The above-captioned case has been set for argument on the merits at:
Supreme Court Courtroom
Ali`iolani Hale, 2nd Floor
417 South King Street
Honolulu, HI 96813
Attorneys for Petitioner/Plaintiff-Appellee/Cross-Appellant:
James J. Bickerton of Bickerton Lee Dang & Sullivan; John Francis Perkin, Brandee J.K. Faria, and Michelle Premeaux of Perkin & Faria, LLLC
Attorneys for Respondents/Defendants-Appellants/Cross-Appellees:
Paul Alston, Tina L. Colman, and John Rhee of Alston Hunt Floyd & Ing
NOTE: Order granting Application for Transfer, filed 02/11/13.
COURT: MER, CJ; PAN, SRA, SSM, & RWP, JJ.
Plaintiff-Appellee-Cross-Appellant Raymond Gurrobat (“Gurrobat”), individually and on behalf of a class of similarly situated persons, filed a class-action lawsuit against Defendants-Appellants-Cross-Appellees HTH Corporation and Pacific Beach Corporation (collectively, “Defendants”), for alleged violations of Hawai`i Revised Statutes (“HRS”) § 481B-14. The Circuit Court of the First Circuit granted summary judgment in favor of Gurrobat on his claim for unpaid wages under HRS §§ 388-6 and -10, and in favor of Defendants on his claim for unfair method of competition under HRS §§ 480-2(e) and -13(a). Defendants appealed from the circuit court’s August 7, 2012 Amended Final Judgment, and Gurrobat cross-appealed.

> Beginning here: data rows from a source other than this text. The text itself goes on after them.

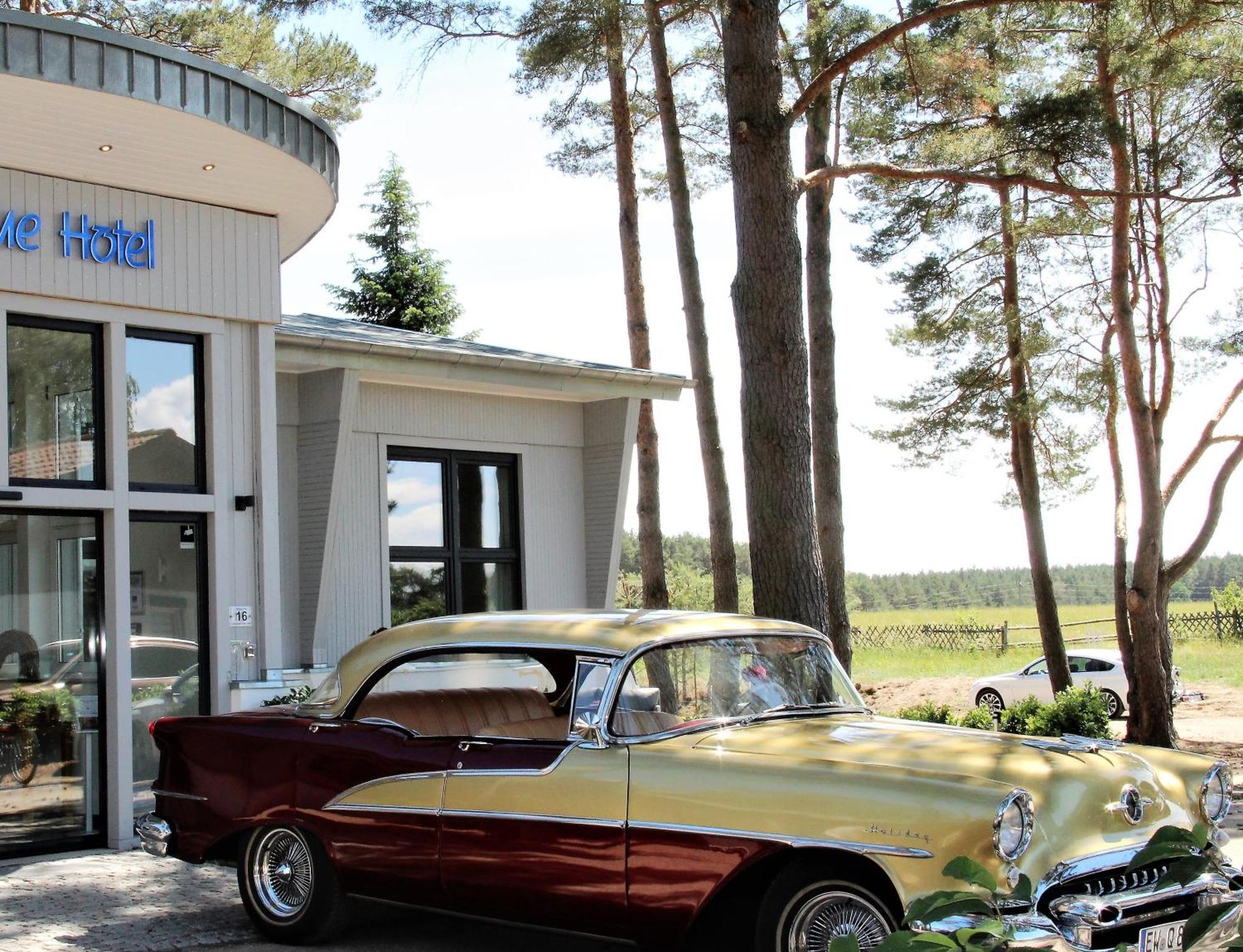 Privat & Boutique Hotel Plauer See Fuenfseen Buitenkant foto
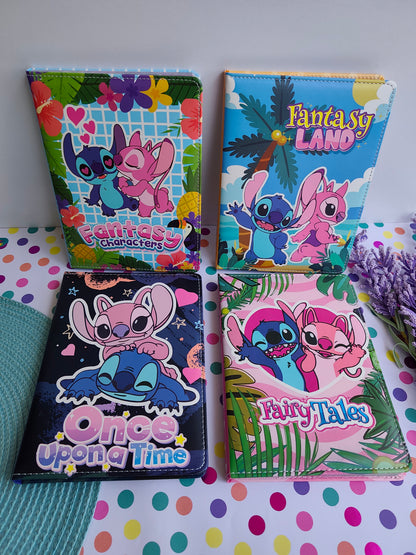 Agenda Acolchada De Stitch
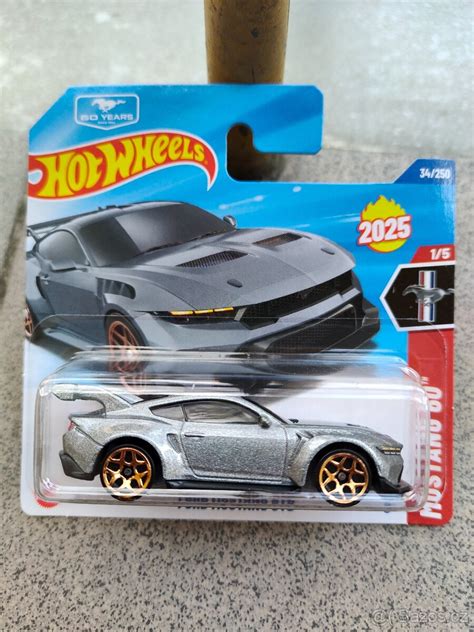HOT WHEELS FORD MUSTANG GTD Praha 8 Bazoš cz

Gurrobat applied for a transfer from the Intermediate Court of Appeals, and this court accepted a discretionary transfer of the case pursuant to HRS § 602-58(b)(1) (Supp. 2011).
On appeal, Defendants argue that the circuit court erred in granting summary in favor of Gurrobat on the claim for unpaid wages because: (1) a violation of HRS § 481B-14 cannot form the basis of a claim under HRS § 388-6; (2) Gurrobat lacked standing to represent employees of the Pagoda Hotel, and he failed to satisfy the requirements for class certification; (3) there was no basis for imposing joint and several liability against Defendants; (4) the appropriate measure of damages should have taken into account the portion of service charge income distributed to both service employees and managerial employees; (5) Gurrobat failed to prove that HTH Corporation was an “employer” of class members; and (6) the court’s invocation of judicial and equitable for failing to address manifest defects in its judgment was misplaced.
On cross-appeal, Gurrobat argues that the circuit court misinterpreted the requirements of Davis, 122 Hawai`i 423, 228 P.3d 303, and erroneously granted summary judgment in favor of Defendants on the claim for unfair method of competition because: (1) he provided sufficient proof to allege an unfair method of competition claim; (2) he satisfied the causation requirement by showing that Defendants’ conduct both negatively impacted “fair competition” and caused injury to class members; (3) he identified Starwoods Hotels as a law-compliant competitor that discloses to customers its practice of retaining a portion of the service charge income; (4) the fact that he could not identify a hotel that distributes one hundred percent of the service charge income to its service employees did not preclude him from showing that Defendants’ practices unfairly affected fair competition; and (5) HRS Chapter 480 provides the only means by which employees can seek injunctive relief against such violations.